Der Ratsvorsitzende der Evangelischen Kirche in Deutschland (EKD), Heinrich Bedford-Strohm, hat vor den seelischen Folgen der Corona-Pandemie gewarnt. "Wir spüren alle die Verwundung in der Gesellschaft. Die Geduld geht zu Ende. Die seelischen Inzidenzen gehen steil nach oben", sagte er am Montag in einem Online-Pressegespräch.
Besonders die Situation vieler junger Menschen mache ihm Sorgen. "Den ersten Kuss kannst du nicht auf irgendeine Ipad-Scheibe geben." Die langfristigen gesundheitlichen Folgen der Kontaktbeschränkungen seien noch gar nicht messbar. "Hier wird viel zerstört."
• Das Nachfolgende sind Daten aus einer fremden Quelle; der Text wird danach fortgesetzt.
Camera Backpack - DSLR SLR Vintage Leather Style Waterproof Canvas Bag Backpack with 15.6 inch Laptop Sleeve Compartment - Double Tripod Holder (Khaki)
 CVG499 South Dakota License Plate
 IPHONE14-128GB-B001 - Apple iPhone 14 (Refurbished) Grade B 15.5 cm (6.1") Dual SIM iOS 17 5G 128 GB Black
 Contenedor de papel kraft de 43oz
Kirchen müssen Hoffnung machen
Bedford-Strohm, der auch bayerischer Landesbischof ist, rief dazu auf, die bevorstehenden Kar- und Ostertage ganz bewusst zu begehen. Die Kirchen seien an diesem zweiten Osterfest unter Pandemiebedingungen besonders gefordert, den Menschen Hoffnung zu machen. Daher hätten sie auch bewusst an Präsenzgottesdiensten festgehalten.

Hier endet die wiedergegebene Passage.